After DeepSeek, the large model from Beijing Academy of Artificial Intelligence (BAAI) is published in Nature: It concerns the ruling path of the "world model".
According to a report by Zhidx on February 1st, Beijing time on January 29th, the multimodal large model "Wujie·Emu" launched by the Beijing Academy of Artificial Intelligence (BAAI) was published in the main issue of Nature. It became the second Chinese large model research team after DeepSeek to achieve this feat and is also China's first Nature paper on the multimodal large model route.

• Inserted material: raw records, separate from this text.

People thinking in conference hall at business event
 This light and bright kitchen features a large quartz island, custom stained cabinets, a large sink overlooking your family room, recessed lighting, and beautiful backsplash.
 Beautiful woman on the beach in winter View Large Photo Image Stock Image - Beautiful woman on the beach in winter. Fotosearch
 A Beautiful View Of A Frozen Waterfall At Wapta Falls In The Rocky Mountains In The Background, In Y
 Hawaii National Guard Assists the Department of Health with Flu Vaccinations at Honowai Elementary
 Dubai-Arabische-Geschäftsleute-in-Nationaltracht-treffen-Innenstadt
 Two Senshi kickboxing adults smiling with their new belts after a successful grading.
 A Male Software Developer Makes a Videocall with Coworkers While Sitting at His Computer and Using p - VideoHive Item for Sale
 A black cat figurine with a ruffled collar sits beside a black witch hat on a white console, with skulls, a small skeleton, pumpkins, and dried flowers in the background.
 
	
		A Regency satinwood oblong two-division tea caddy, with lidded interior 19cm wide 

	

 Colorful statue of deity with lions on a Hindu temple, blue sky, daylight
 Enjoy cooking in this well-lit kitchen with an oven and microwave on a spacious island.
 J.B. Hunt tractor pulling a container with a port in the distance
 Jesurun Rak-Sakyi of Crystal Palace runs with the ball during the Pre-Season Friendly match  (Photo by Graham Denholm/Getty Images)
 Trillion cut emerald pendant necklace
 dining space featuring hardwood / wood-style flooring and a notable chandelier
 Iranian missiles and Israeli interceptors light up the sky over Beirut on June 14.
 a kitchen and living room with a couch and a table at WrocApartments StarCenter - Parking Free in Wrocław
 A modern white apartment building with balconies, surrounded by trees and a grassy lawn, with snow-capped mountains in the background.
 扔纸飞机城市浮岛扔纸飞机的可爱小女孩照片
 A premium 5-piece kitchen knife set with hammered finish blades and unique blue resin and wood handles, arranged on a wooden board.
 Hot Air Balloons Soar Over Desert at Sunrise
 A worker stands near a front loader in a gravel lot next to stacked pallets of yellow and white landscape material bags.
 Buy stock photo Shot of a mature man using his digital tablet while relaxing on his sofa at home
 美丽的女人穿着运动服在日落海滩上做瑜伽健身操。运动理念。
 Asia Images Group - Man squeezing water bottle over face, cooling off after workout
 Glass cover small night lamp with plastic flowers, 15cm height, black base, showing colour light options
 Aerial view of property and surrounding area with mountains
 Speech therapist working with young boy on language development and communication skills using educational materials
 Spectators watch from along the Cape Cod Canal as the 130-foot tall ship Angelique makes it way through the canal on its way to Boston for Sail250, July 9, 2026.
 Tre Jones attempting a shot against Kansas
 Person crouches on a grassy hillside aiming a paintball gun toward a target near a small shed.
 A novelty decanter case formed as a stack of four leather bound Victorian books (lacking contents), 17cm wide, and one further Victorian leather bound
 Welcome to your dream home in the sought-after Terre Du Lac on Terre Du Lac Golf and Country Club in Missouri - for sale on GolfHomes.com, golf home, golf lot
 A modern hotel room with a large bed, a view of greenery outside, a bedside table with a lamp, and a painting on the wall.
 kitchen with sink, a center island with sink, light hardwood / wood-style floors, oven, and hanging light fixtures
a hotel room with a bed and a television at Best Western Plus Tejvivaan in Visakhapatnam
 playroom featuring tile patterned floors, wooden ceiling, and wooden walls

Screenshot of the official Nature website
The editors of Nature commented, "Emu3 achieves unified learning of large-scale text, images, and videos based solely on 'predicting the next token.' Its performance in generation and perception tasks is comparable to that of specialized approaches. This achievement is of great significance for building scalable and unified multimodal intelligent systems and is expected to drive the development of native multimodal assistants, world models, and embodied intelligence."
Emu3 is expected to drive the development of embodied intelligence and other fields
The "Wujie·Emu3" model was launched by BAAI in October 2024. In both perception and generation, Emu3 achieves performance comparable to that of models specialized for specific tasks. This model can perform various tasks such as text-to-image generation, text-to-video generation, future prediction, visual-language understanding, interleaved image-text generation, and embodied operations. This achievement is of great significance for establishing autoregression as a unified route for generative AI.
As shown in the figure below, in image generation, Emu3 outperforms diffusion models such as SDXL on benchmarks like MSCOCO-30K23; in video generation, it scores 81 on the VBench, surpassing Open-Sora 1.2; in visual-language understanding, it scores 62.1, slightly higher than LLaVA-1.6. Although such results are quite common today, they were remarkable two years ago.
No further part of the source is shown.